The primary theological problem with the Apostles’ Creed is that it is divided into only three articles: the Father, the Son, and the Holy Spirit. In The Apostles’ Creed, the person and work of the Holy Spirit are combined with that of the Church, leading to confusion.
On the other hand, The Nicene Creed has four articles, representing the Father, the Son, the Holy Spirit, and the Church. The third article on the Holy Spirit is more extensive, describing the person and work of the Holy Spirit apart from His work in and through the Church. The lack of a similar emphasis in The Apostles’ Creed, along with the conflation of the Holy Spirit and the Church, is the basis upon which the Reformers and their Confessions rejected the authority of the Church and replaced it with the idea that the Holy Spirit works individually instead of corporately. On the other hand, the Nicene Creed separates the Church into its own article, making Nicene Christianity distinct from that of the Western Church.
Luther used the Apostles’ Creed as the structure for both his Small and Large Catechisms. In Luther’s Small Catechism, there is no discussion of the Church. However, his Large Catechism contains the following:
“I believe that there is upon earth a little holy group and congregation of pure saints, under one head, even Christ, called together by the Holy Ghost in one faith, one mind, and understanding, with manifold gifts, yet agreeing in love, without sects or schisms. I am also a part and member of the same, a sharer and joint owner of all the goods it possesses, brought to it and incorporated into it by the Holy Ghost by having heard and continuing to hear the Word of God, which is the beginning of entering it. For formerly, before we had attained to this, we were altogether of the devil, knowing nothing of God and of Christ. Thus, until the last day, the Holy Ghost abides with the holy congregation or Christendom, by means of which He fetches us to Christ and which He employs to teach and preach to us the Word, whereby He works and promotes sanctification, causing it [this community] daily to grow and become strong in the faith and its fruits which He produces.”
It might be difficult to recognize, but Luther’s definition of the Church is based upon his distinction between the visible and invisible Church. The visible Church is the Eucharistic assembly and contains a “mixed multitude” (Ex 12:38; Ne 13:3). The invisible Church is what Luther has in mind, which is his “little holy group and congregation of pure saints”. Luther’s visible Church is without authority while the authority of the invisible Church is the Holy Spirit.
Lutherans recite the Apostle’s Creed in their Divine Service, reserving The Nicene Creed for limited occasions. The lack of familiarity with The Nicene Creed prevents Lutherans (and perhaps others) from recognizing that what they have theologically combined into a single article is divided into two separate articles in The Nicene Creed. Consequently they (along with other Protestants) feel comfortable in rejecting the Church as a source of authority.

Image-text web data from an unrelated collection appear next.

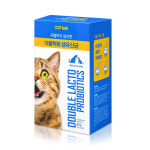 더블락토 강아지 고양이 유산균 30+10포 장 구강 변비 설사 입냄새 치석 구내염 면역력 : 도그원 펫 연구소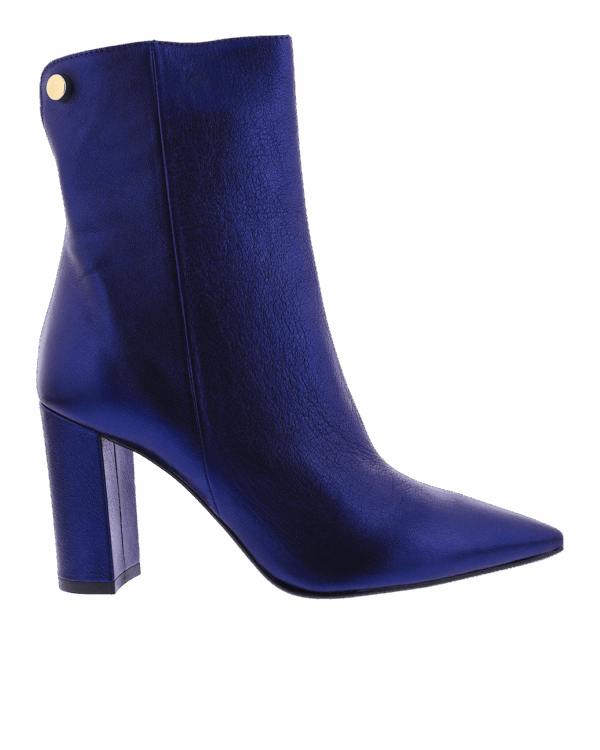 Dames Chic Cosmo Blue/Metallic
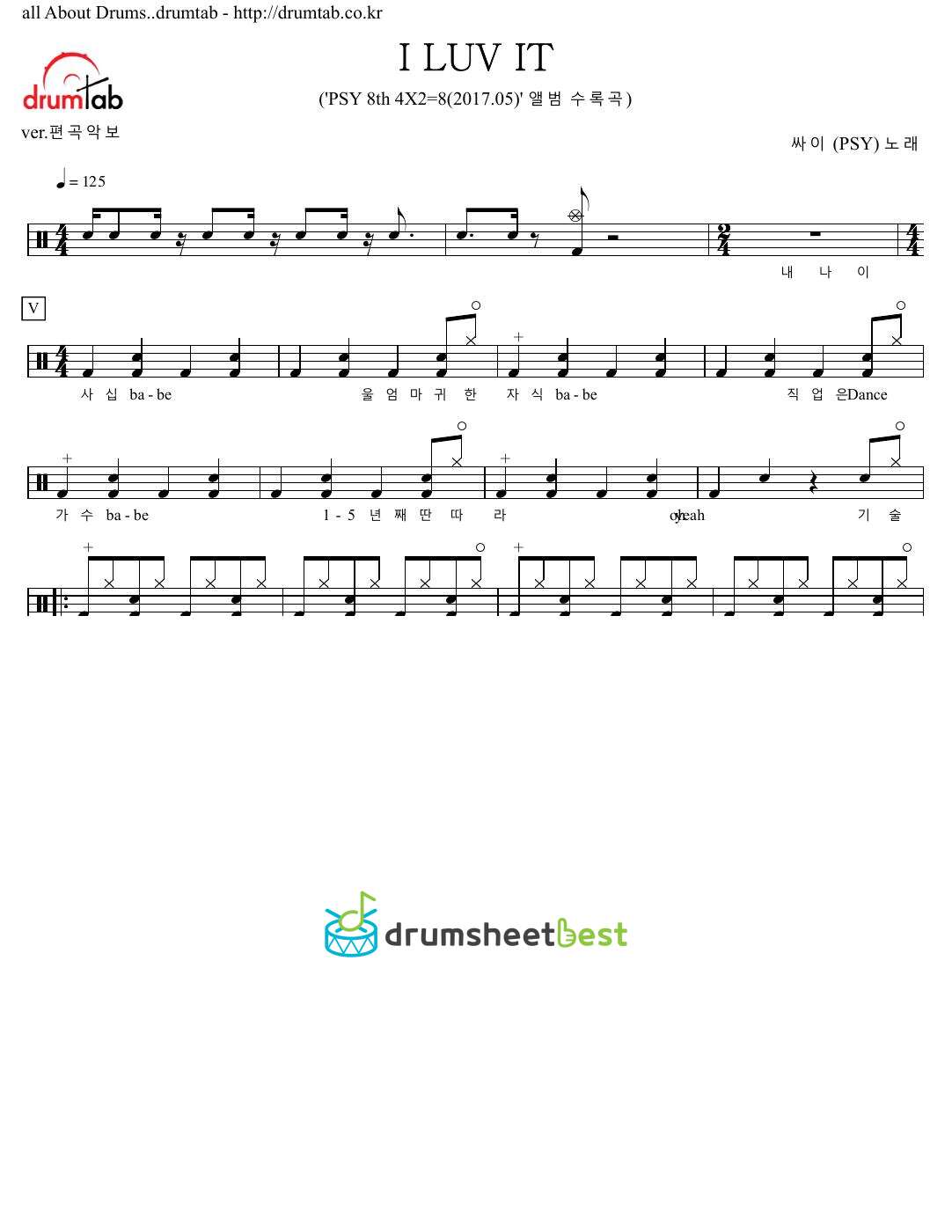 I LUV IT preview page 1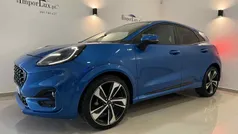 Azul Usado 2021 Ford Puma | € 19.900 (Preço justo)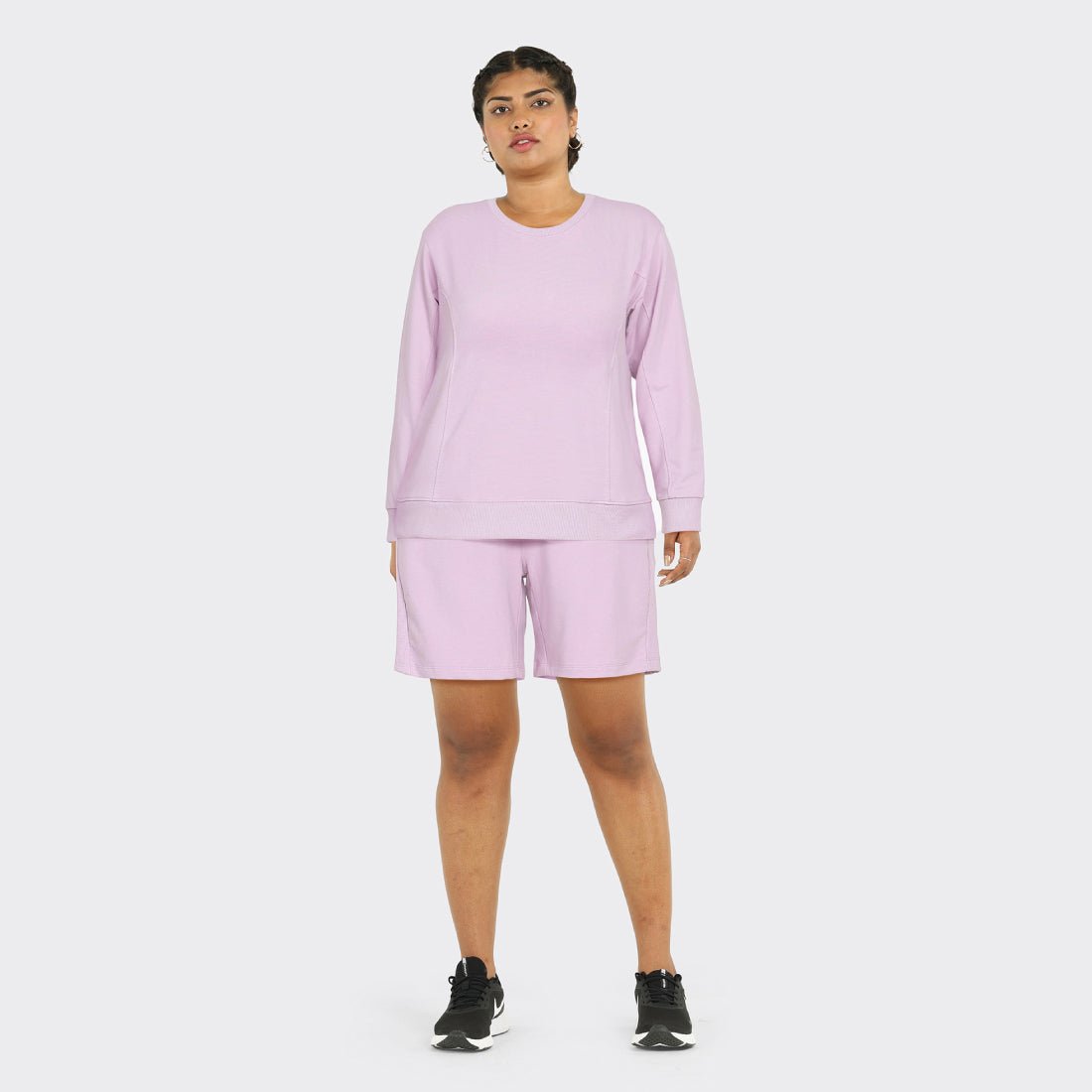 Everywhere Sweatshirt - BlissClub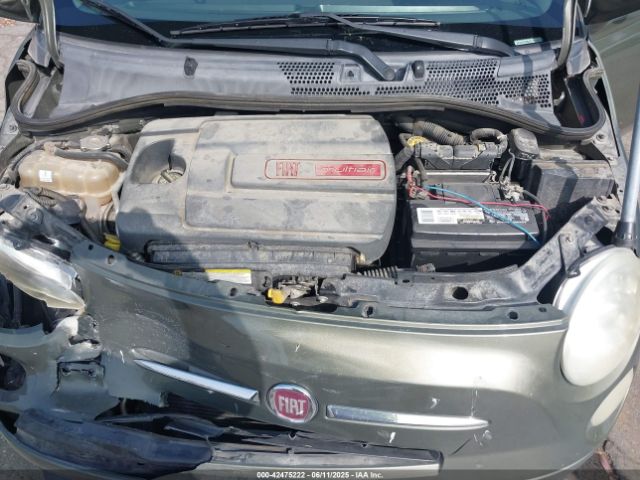 2012 FIAT 500C 3C3CFFDR4CT171739 Photo 9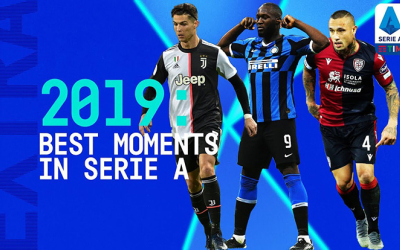 Најдобрите моменти од Серија А за 2019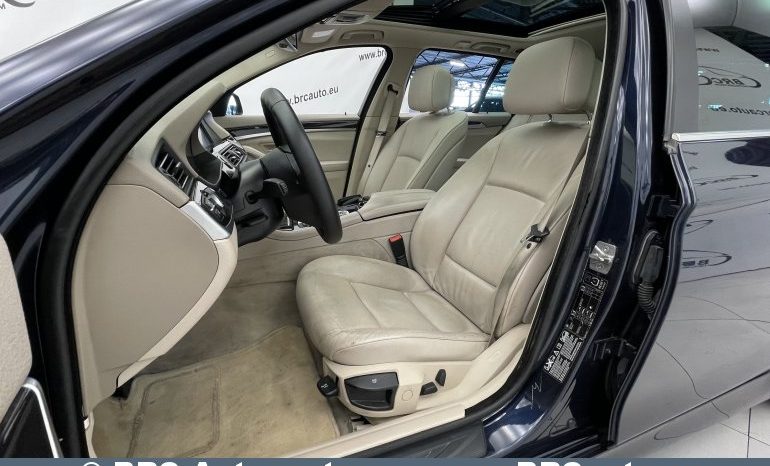 BMW 530 xDrive 30d Automatas 2012 full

The Reformed Churches follow the Heidelberg Catechism which contains the text of The Apostles’ Creed and organizes its questions and answers around the same. Like the Lutheran Creeds, the Heidelberg Confession subsumes the Church into the work of the Holy Spirit.
The Anglican Catechism of 1662 contains the text of The Apostles’ Creed. Moreover, it divides its questions and answers around the Creed’s three articles. The Catechism continuously mentions the Church as an authority, but never defines it – not even in the context of the Holy Spirit.
I find it interesting that the Protestants of the Magisterial Reformation all organize their confessions of faith in the same manner as does the Roman Catholic Church. Part I of the Catechism of the [Roman] Catholic Church is organized around the three articles of The Apostles’ Creed. Because Rome’s Catechism runs to 904 pages (including indices and glossary), it can spend a great deal of time on the single clause concerning the Church, treating this single clause as though it bears the same weight as the fourth article of The Nicene Creed. The more succinct Protestant Catechisms do not take The Nicene Creed into account and thus are easily able to reject the Church as a visible, corporate, and authoritative entity through which the Holy Spirit works.